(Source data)
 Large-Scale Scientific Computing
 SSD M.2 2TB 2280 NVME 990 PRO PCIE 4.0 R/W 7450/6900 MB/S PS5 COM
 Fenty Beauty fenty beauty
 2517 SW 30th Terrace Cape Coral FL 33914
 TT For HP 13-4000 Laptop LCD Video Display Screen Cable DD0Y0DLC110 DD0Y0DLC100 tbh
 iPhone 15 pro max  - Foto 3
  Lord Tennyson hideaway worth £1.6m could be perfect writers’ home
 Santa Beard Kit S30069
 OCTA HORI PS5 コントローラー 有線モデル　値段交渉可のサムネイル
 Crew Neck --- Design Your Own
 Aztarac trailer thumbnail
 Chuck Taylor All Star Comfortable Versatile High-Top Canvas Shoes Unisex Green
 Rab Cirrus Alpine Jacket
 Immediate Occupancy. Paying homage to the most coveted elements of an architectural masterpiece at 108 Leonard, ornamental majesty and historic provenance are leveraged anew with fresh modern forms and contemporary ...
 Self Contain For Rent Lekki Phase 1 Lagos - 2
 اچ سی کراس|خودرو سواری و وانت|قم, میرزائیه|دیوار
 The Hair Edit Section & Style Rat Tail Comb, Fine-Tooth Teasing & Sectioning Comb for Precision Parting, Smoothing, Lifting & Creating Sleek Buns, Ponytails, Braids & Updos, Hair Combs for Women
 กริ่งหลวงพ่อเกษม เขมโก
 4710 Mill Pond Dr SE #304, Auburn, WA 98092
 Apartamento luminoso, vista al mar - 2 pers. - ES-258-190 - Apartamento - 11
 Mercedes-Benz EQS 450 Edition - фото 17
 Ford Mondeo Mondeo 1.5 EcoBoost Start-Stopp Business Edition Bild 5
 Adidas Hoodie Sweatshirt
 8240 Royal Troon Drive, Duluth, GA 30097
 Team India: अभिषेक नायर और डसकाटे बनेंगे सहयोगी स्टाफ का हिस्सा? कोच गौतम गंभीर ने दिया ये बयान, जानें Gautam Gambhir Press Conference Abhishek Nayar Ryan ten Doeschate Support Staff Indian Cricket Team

_Directions_: Look back at the records above. Repeat all of them exactly.

_Response_:
 Large-Scale Scientific Computing
 SSD M.2 2TB 2280 NVME 990 PRO PCIE 4.0 R/W 7450/6900 MB/S PS5 COM
 Fenty Beauty fenty beauty
 2517 SW 30th Terrace Cape Coral FL 33914
 TT For HP 13-4000 Laptop LCD Video Display Screen Cable DD0Y0DLC110 DD0Y0DLC100 tbh
 iPhone 15 pro max  - Foto 3
  Lord Tennyson hideaway worth £1.6m could be perfect writers’ home
 Santa Beard Kit S30069
 OCTA HORI PS5 コントローラー 有線モデル　値段交渉可のサムネイル
 Crew Neck --- Design Your Own
 Aztarac trailer thumbnail
 Chuck Taylor All Star Comfortable Versatile High-Top Canvas Shoes Unisex Green
 Rab Cirrus Alpine Jacket
 Immediate Occupancy. Paying homage to the most coveted elements of an architectural masterpiece at 108 Leonard, ornamental majesty and historic provenance are leveraged anew with fresh modern forms and contemporary ...
 Self Contain For Rent Lekki Phase 1 Lagos - 2
 اچ سی کراس|خودرو سواری و وانت|قم, میرزائیه|دیوار
 The Hair Edit Section & Style Rat Tail Comb, Fine-Tooth Teasing & Sectioning Comb for Precision Parting, Smoothing, Lifting & Creating Sleek Buns, Ponytails, Braids & Updos, Hair Combs for Women
 กริ่งหลวงพ่อเกษม เขมโก
 4710 Mill Pond Dr SE #304, Auburn, WA 98092
 Apartamento luminoso, vista al mar - 2 pers. - ES-258-190 - Apartamento - 11
 Mercedes-Benz EQS 450 Edition - фото 17
 Ford Mondeo Mondeo 1.5 EcoBoost Start-Stopp Business Edition Bild 5
 Adidas Hoodie Sweatshirt
 8240 Royal Troon Drive, Duluth, GA 30097
 Team India: अभिषेक नायर और डसकाटे बनेंगे सहयोगी स्टाफ का हिस्सा? कोच गौतम गंभीर ने दिया ये बयान, जानें Gautam Gambhir Press Conference Abhishek Nayar Ryan ten Doeschate Support Staff Indian Cricket Team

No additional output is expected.